Mandatory labelling particulars: if the feed is sold to a feed business, the purchaser shall be informed of the mandatory labelling particulars in the most appropriate manner. Such particulars shall be given in a clearly legible and comprehensible manner. However, if the feed is sold to a person other than a feed business, the mandatory labelling particulars shall be given in their entirety in a prominent place on the packaging, the container or on a label attached thereto, in a conspicuous, clearly legible and indelible manner, or on an insert, in the language of the Member State in which it is placed on the market. The Codes shall, specifically, indicate the manner in which the mandatory labelling particulars are to be displayed.

Pet food: on the label of pet food a cost-free means of contacting the person responsible for the labelling particulars (such as by telephone, e-mail or via the Internet) shall be indicated in order to allow the customer to exercise his right to obtain information.
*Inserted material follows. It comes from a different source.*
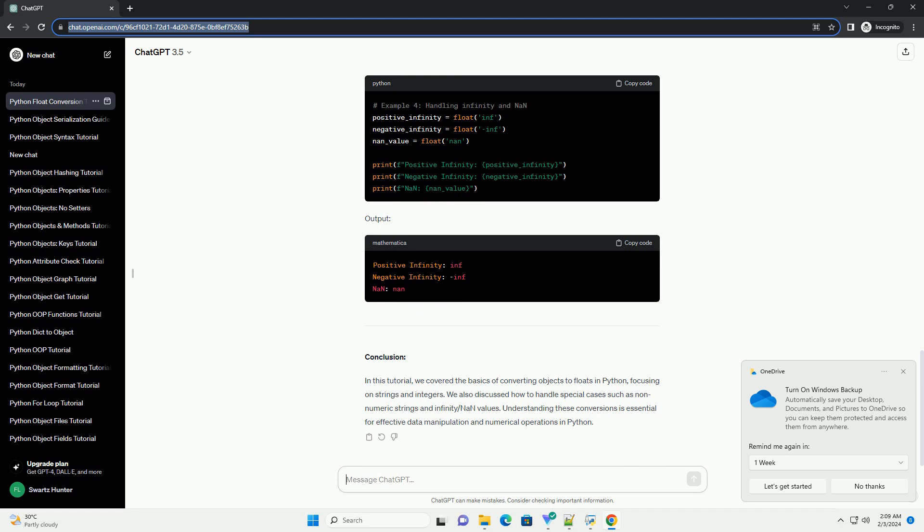Understanding these conversions is essential for effective data manipulation and numerical operations in Python.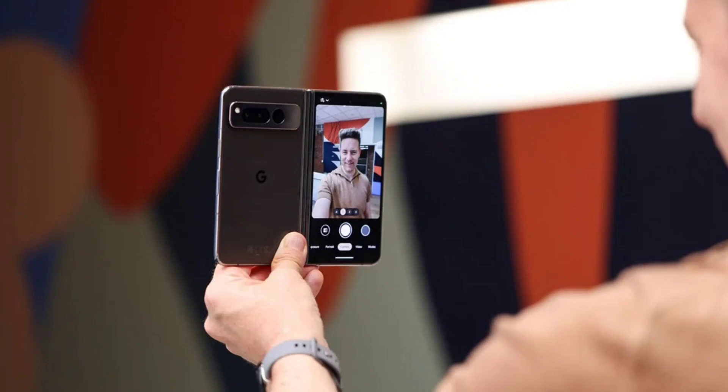Hence, we can expect better videography and video editing capabilities with the new Android 16, as well as the Samsung One UI 8.0 upgrade.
Voluntary labelling particulars: the list of voluntary labelling particulars should not be comprehensive. Particulars which are not included in the list but which are not inconsistent with the ban on misleading claims should be admissible. These voluntary labelling particulars may include: (i) particulars concerning digestible starch and raw protein; (ii) particular on the presence/absence of a given substance.

Community Catalogue: a person responsible for the first placing on the market of a feed material not yet listed in the Catalogue must register its use immediately and apply to have it included in the Catalogue.

Regulation (EC) No 1831/2003: MEPs also introduced amendments aimed at bringing the labelling requirements laid down in Regulation (EC) No 1831/2003 into line with the approach, based on the provision of information through labelling, introduced by the regulation under consideration here, since they are linked. This can be achieved by incorporating the definitions of 'labelling' and 'label' into Regulation (EC) No 1831/2003.